In June 2019, the Group acquired 2BS and B-Rock FM in Bathurst from local proprietors Ron and Stephanie Camplin. 2BS immediately replaced its broadcast of The Ray Hadley Morning Show with The John Laws Show, syndicated from 2SM.

Radio stations
As of , Broadcast Operations Group operates 42 radio stations. 22 of these stations form their AM network, mostly broadcast on AM radio and featuring local news, music and syndicated talkback programming.
 2AD 1134 Armidale
 2BH 567 Broken Hill
 2BS 95.1 Bathurst
 2DU 1251 Dubbo
 2EL 1089 Orange
 2GF 1206 Grafton
 2HC 639 Coffs Harbour (also on 100.5 FM)
 2HD 1143 Newcastle
 2LF 1350 Young
 2LM 900 Lismore
 2MG 1449 Mudgee
 2MO 1080 Gunnedah
 2NZ 1188 Inverell
 2PK 1404 Parkes
 2RE 1557 Taree
 2SM 1269 Sydney
 2TM 1287 Tamworth
 2VM 1530 Moree
 4GY 558 Gympie
 4WK 963 Warwick
 Radio 531/FM 93.5 Kempsey
 Radio 97/FM 104.1 Murwillumbah

A further 17 stations form the FM network, broadcast mainly on FM radio with adult contemporary music and syndicated programming:
 4AK 1242 Oakey
 B-Rock FM 99.3 Bathurst
 FM92.9 Tamworth
 FM100.3 Armidale
 FM104.7 Grafton
 Gem FM 95.1 Inverell
 Hill FM 96.5 Broken Hill
 Max FM 107.3 Taree
 New FM 105.3 Newcastle
 Now FM 98.3 Moree
 Real FM 93.1 Mudgee
 Roccy FM 93.9 Young
 The Rok FM 95.5 Parkes
 Triple G 97.5 Gunnedah
 Zoo FM 92.7 Dubbo
 ZZZ FM 100.9 Lismore

In addition, the Group broadcasts four stations on DAB+ digital radio in Sydney, alongside simulcasting 2SM:
 Fun Super Digi, playing classic hits music
 Dance Super Digi, playing 1990s and 2000s dance music
 Gorilla Radio, playing electronic dance music
 Zoo Super Digi, playing adult contemporary music

Controversy

Senate Inquiry
The BOG was cited in several instances during a Senate Inquiry into Regional Radio. There had been concerns raised as to loss of localism due to networking of radio stations. Bill Caralis was asked to appear several times at various hearings around the country, but never attended.

Local Content
In October 2009, Broadcast Operations Group was named by the ABC's Media Watch program for failing to provide sufficient local content as stipulated by ACMA licence conditions. Media Watch identified three stations; 2HC Coffs Harbour, 2EL Orange and Radio 531 Port Macquarie, which all took the Grant Goldman breakfast show feed out of 2SM in Sydney and failed to meet local content conditions. In response to enquiries by Media Watch, Caralis stated that he believed local news, weather and community announcements played during the Grant Goldman program was sufficient to meet ACMA's licence conditions. As a result, ACMA launched an investigation into the matter. As of November 2009, this investigation was ongoing, however, as of 30 November 2009, the three aforementioned stations commenced broadcasting a three-hour locally produced program from 12 pm weekdays.

Underpayment of staff
Broadcast Operations Group has often been accused of a reluctance to pay experienced staff to cut operating costs.
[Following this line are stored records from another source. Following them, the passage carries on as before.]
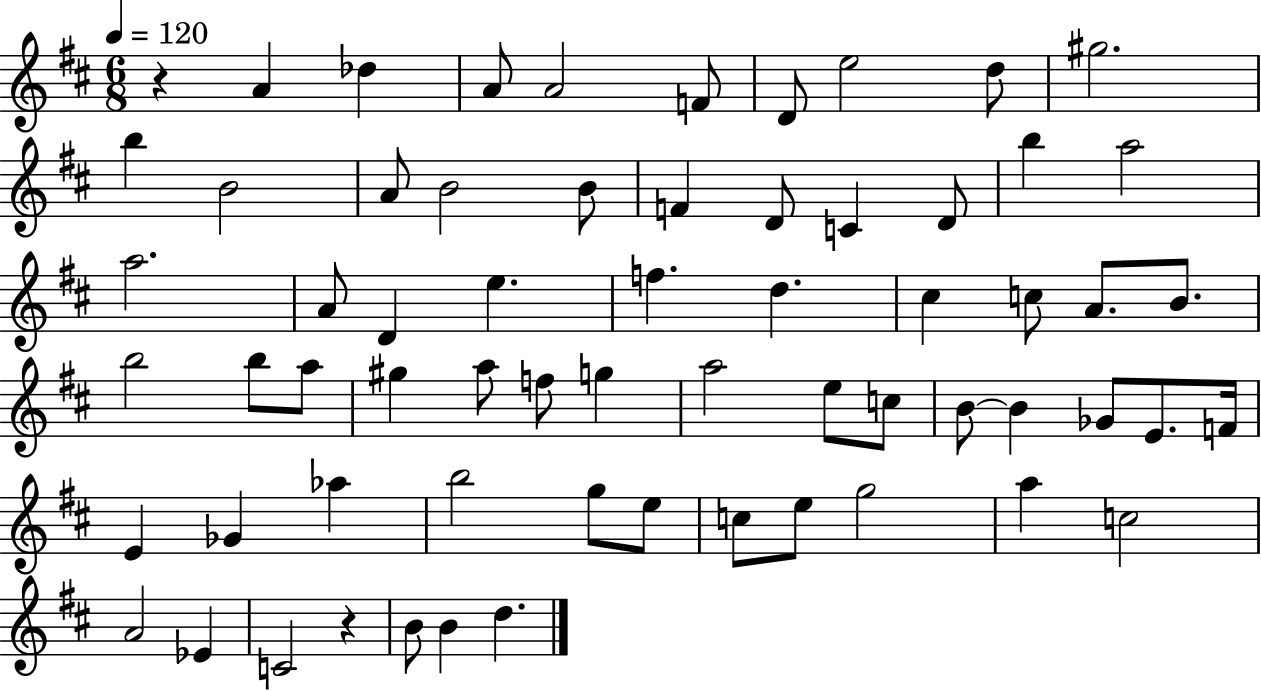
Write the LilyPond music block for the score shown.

{
  \clef treble
  \numericTimeSignature
  \time 6/8
  \key d \major
  \tempo 4 = 120
  r4 a'4 des''4 | a'8 a'2 f'8 | d'8 e''2 d''8 | gis''2. | \break b''4 b'2 | a'8 b'2 b'8 | f'4 d'8 c'4 d'8 | b''4 a''2 | \break a''2. | a'8 d'4 e''4. | f''4. d''4. | cis''4 c''8 a'8. b'8. | \break b''2 b''8 a''8 | gis''4 a''8 f''8 g''4 | a''2 e''8 c''8 | b'8~~ b'4 ges'8 e'8. f'16 | \break e'4 ges'4 aes''4 | b''2 g''8 e''8 | c''8 e''8 g''2 | a''4 c''2 | \break a'2 ees'4 | c'2 r4 | b'8 b'4 d''4. | \bar "|."
}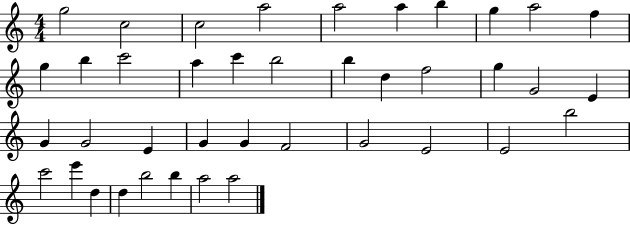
{
  \clef treble
  \numericTimeSignature
  \time 4/4
  \key c \major
  g''2 c''2 | c''2 a''2 | a''2 a''4 b''4 | g''4 a''2 f''4 | \break g''4 b''4 c'''2 | a''4 c'''4 b''2 | b''4 d''4 f''2 | g''4 g'2 e'4 | \break g'4 g'2 e'4 | g'4 g'4 f'2 | g'2 e'2 | e'2 b''2 | \break c'''2 e'''4 d''4 | d''4 b''2 b''4 | a''2 a''2 | \bar "|."
}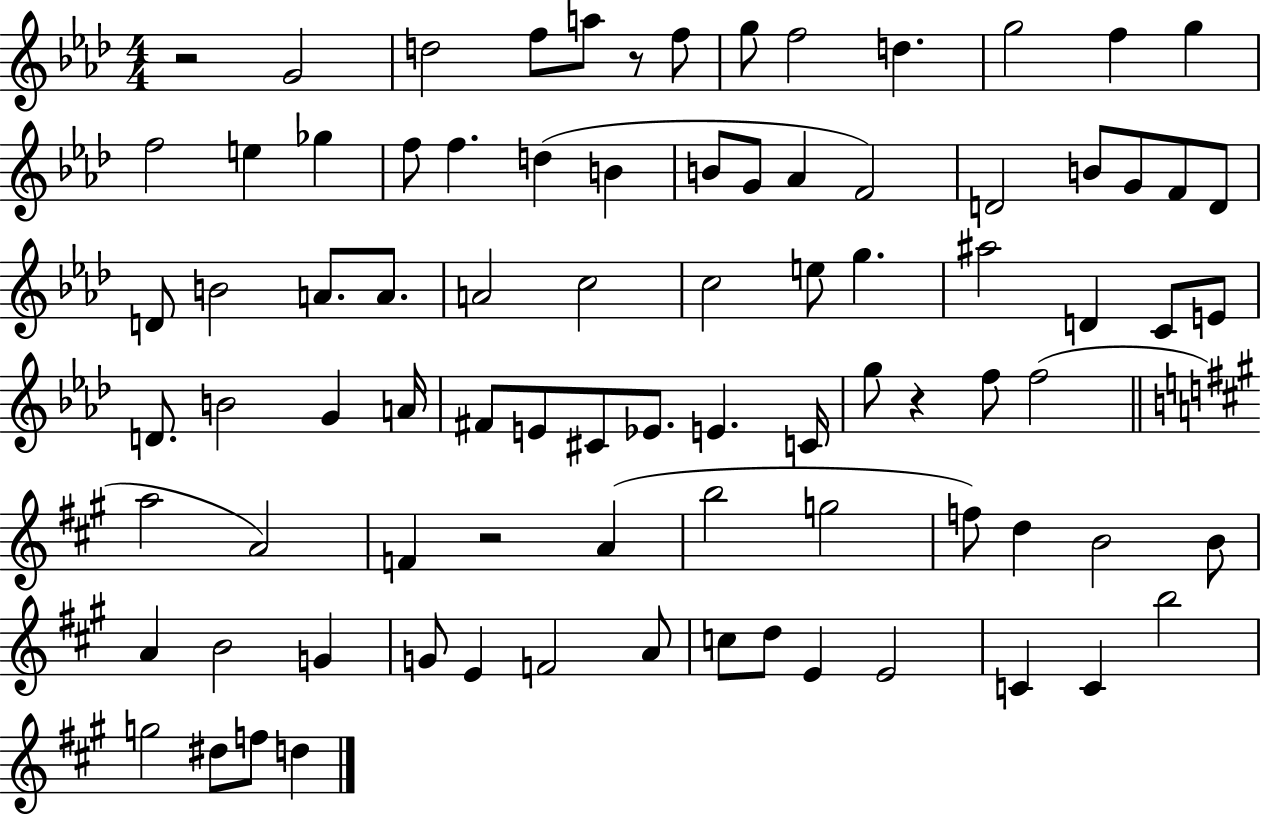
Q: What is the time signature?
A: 4/4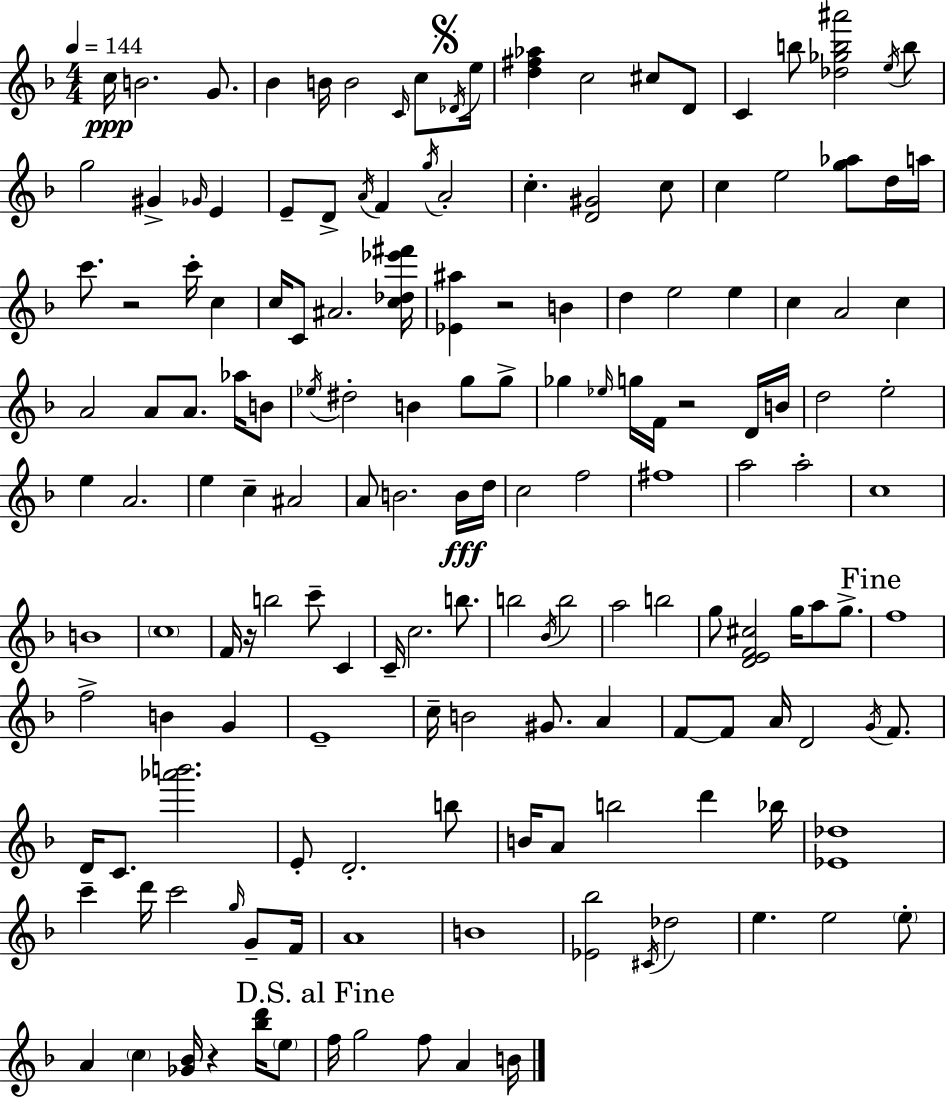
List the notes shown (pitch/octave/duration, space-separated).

C5/s B4/h. G4/e. Bb4/q B4/s B4/h C4/s C5/e Db4/s E5/s [D5,F#5,Ab5]/q C5/h C#5/e D4/e C4/q B5/e [Db5,Gb5,B5,A#6]/h E5/s B5/e G5/h G#4/q Gb4/s E4/q E4/e D4/e A4/s F4/q G5/s A4/h C5/q. [D4,G#4]/h C5/e C5/q E5/h [G5,Ab5]/e D5/s A5/s C6/e. R/h C6/s C5/q C5/s C4/e A#4/h. [C5,Db5,Eb6,F#6]/s [Eb4,A#5]/q R/h B4/q D5/q E5/h E5/q C5/q A4/h C5/q A4/h A4/e A4/e. Ab5/s B4/e Eb5/s D#5/h B4/q G5/e G5/e Gb5/q Eb5/s G5/s F4/s R/h D4/s B4/s D5/h E5/h E5/q A4/h. E5/q C5/q A#4/h A4/e B4/h. B4/s D5/s C5/h F5/h F#5/w A5/h A5/h C5/w B4/w C5/w F4/s R/s B5/h C6/e C4/q C4/s C5/h. B5/e. B5/h Bb4/s B5/h A5/h B5/h G5/e [D4,E4,F4,C#5]/h G5/s A5/e G5/e. F5/w F5/h B4/q G4/q E4/w C5/s B4/h G#4/e. A4/q F4/e F4/e A4/s D4/h G4/s F4/e. D4/s C4/e. [Ab6,B6]/h. E4/e D4/h. B5/e B4/s A4/e B5/h D6/q Bb5/s [Eb4,Db5]/w C6/q D6/s C6/h G5/s G4/e F4/s A4/w B4/w [Eb4,Bb5]/h C#4/s Db5/h E5/q. E5/h E5/e A4/q C5/q [Gb4,Bb4]/s R/q [Bb5,D6]/s E5/e F5/s G5/h F5/e A4/q B4/s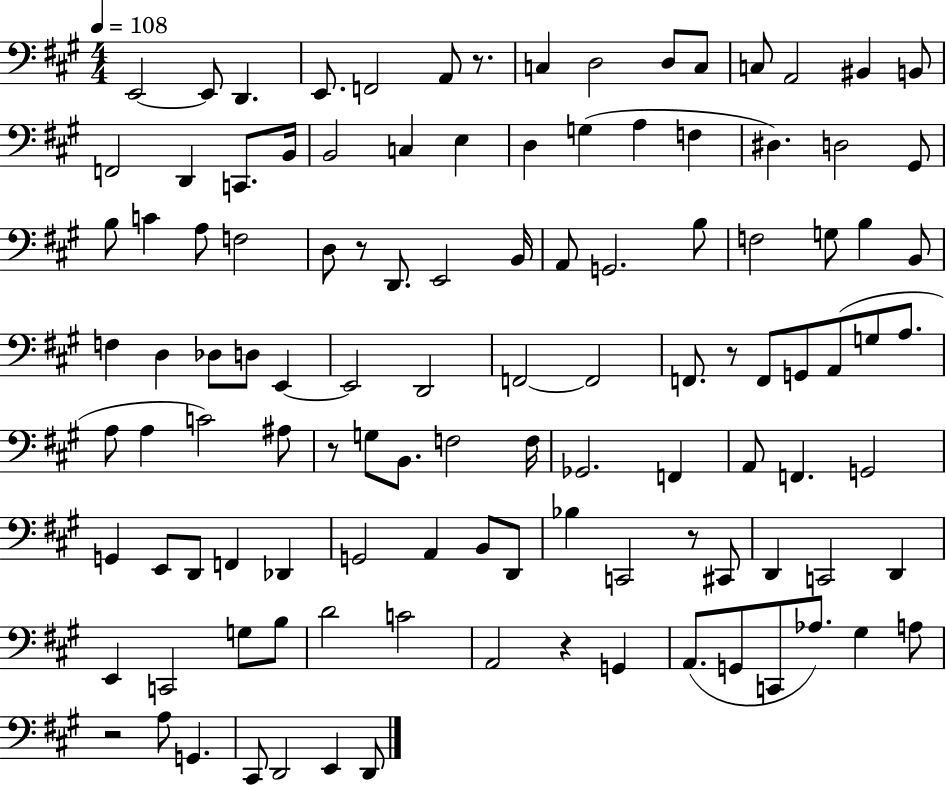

In September 2009, Broadcast Operations Group was found to have underpaid a journalist and has been ordered to make a $10,000 back payment. The journalist, who was studying communications at a Gold Coast university, worked part-time over a two-year period in the newsroom for Tweed Heads radio station Radio 97 was graded as a cadet. The Fair Work Ombudsman found that the Journalist was performing tasks that would normally be given to a Grade 1, Band 1 journalist under the Commercial Radio Journalists Award.